単純に「リフォームがしたい」と言うだけではなく
- なぜリフォームをしたいのか
- 具体的にどこに不満を持っているのか
ということをまとめておく必要があります。
例えば、汚れたキッチンをきれいにしたいというだけであれば、とりあえずキッチンをリフォームすればそれで不満が解消されるということになります。
しかし、ガスコンロが嫌だからIHクッキングヒーターを取り入れたいというものの場合、単純にキッチンに新しい設備を入れるだけではなく、IHクッキングヒーターを導入しなければなりません。
キッチンに限らずリフォームを考えるきっかけは
- 不満なところがある
- 快適に利用できない
という点であったりする場合が多いです。
それを明確に表すことができれば、 リフォームで綺麗にその不満点が解消されることになるため、結果的にリフォームに満足できるようになるのです。

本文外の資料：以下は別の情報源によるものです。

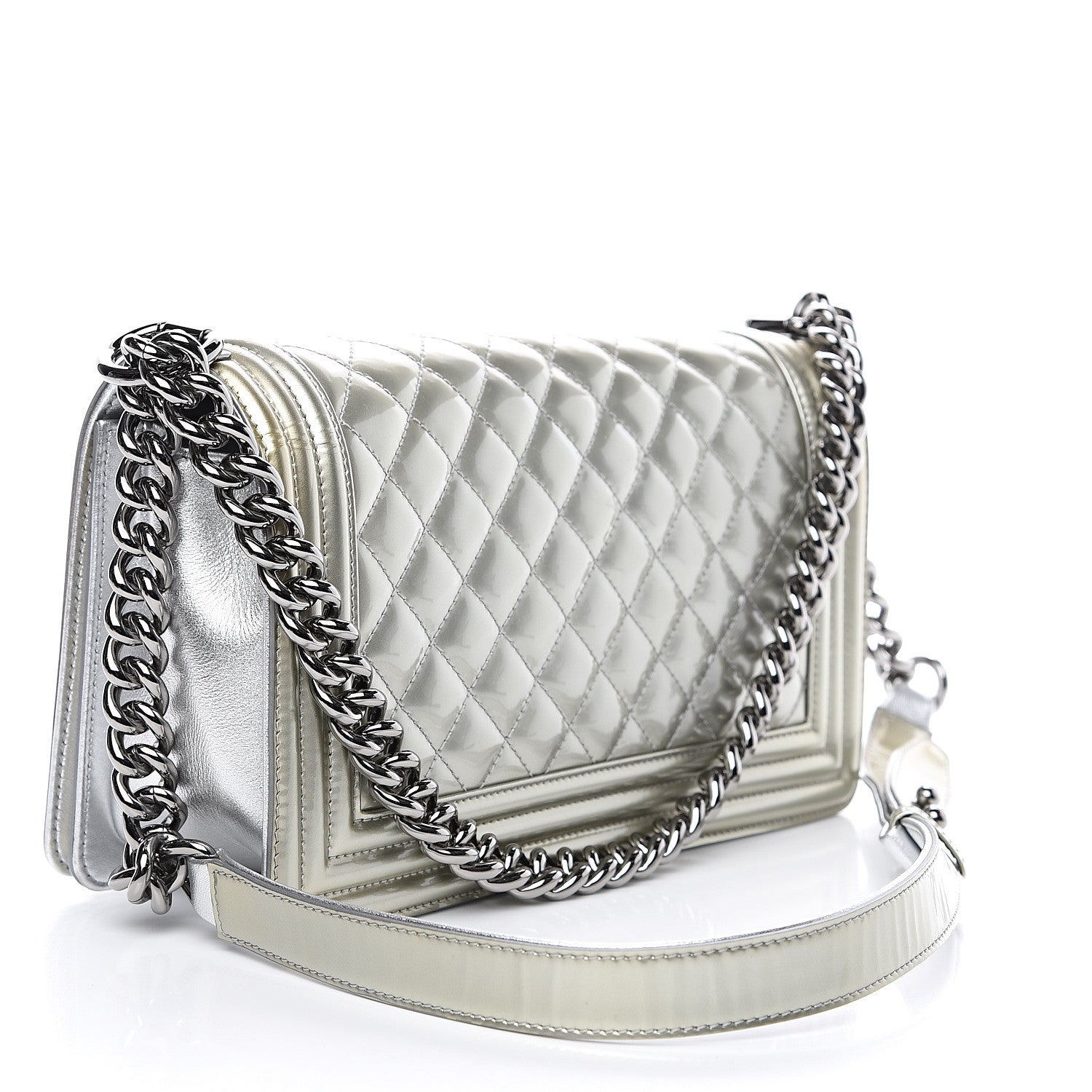 Chanel Metallic Patent Calfskin Quilted Medium Boy Flap Silver 2 of 14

しかし、その不満点を明確にせぬままリフォームをしてしまうと、結局リフォームをしても満足感が得られず「しなくてもよかった」ということになりかねません。
そうならないためにも、まずはリフォームの目的を明確に持つようにしましょう。
家族の要望をまとめておく
現地調査をお願いする時点で、すでに業者にキッチンのリフォームがしたいというような話をしているかもしれません。

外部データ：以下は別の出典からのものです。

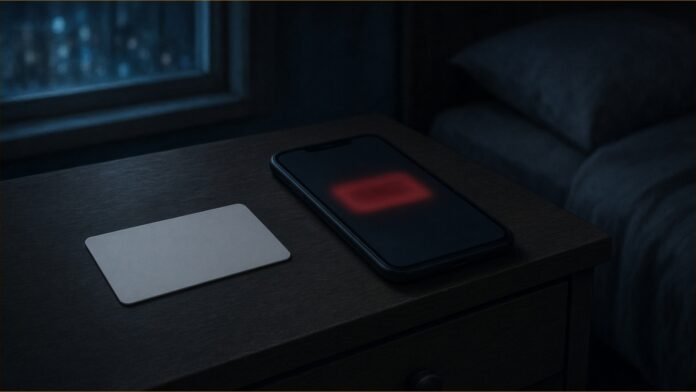 EU Opens DSA Case Into Booking.com Scams and Ads | TSN Illustration of a hotel key card beside a phone showing a blurred red warning on a bedside table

しかし、リフォームしたい場所が一カ所のみというご家庭は珍しく、大抵はご家族のメンバーのそれぞれが建物のどこかに不満を持っている可能性が高いです。
また、一部だけをリフォームするとその部分の新しさが目立ってしまい、それ以外の場所に対する不満も大きくなるため、余裕があるのであれば 一度にリフォームしてしまったほうが良いのです。
そのため、業者に現地調査をしてもらう前に、家族のそれぞれの不満や希望するリフォームをまとめておきましょう。
夫 | 妻 | 子ども | |
---|---|---|---|
要望 | ・自分だけの書斎がほしい ・ビルドインガレージに窓がほしい |
・キッチンを一新したい ・バスタブを大きくしたい |
・自分の部屋がほしい ・トイレにウォッシュレットがほしい |
簡単にであれば上記のような感じになります。
また、ビルドインガレージのどこにどれくらいの大きさのどんなタイプの窓がほしいのか、という具体的な要望があればなお良しでしょう。
もちろんそれぞれに費用がかかりますので、どこのリフォームにいくらかかるのかを調べてもらい、優先順位を付けてリフォームする場所を決めることになります。
どうせリフォームをするのであれば、一気にやってしまった方が費用が安くなることも多いため、業者とも相談してみることをおすすめいたします。
伝えたい内容をメモしておく
現地調査では、担当のスタッフと直接話をする機会があるため、その時に要望をしっかりと伝えられるように具体的な内容をメモに取っておくことをおすすめいたします。
最初に伝えておいたほうが良いのが、こちらの予算や希望の工事期間などですが、その他にもリフォームするにあたって聞いておきたいことは事前にまとめてメモに取っておきましょう。
もちろん当日忘れずに聞けるという方もいらっしゃるかもしれませんが、限られた時間で効率的に質問したりこちらの要望を伝えるためには、事前にメモを残しておいたほうがスムーズです。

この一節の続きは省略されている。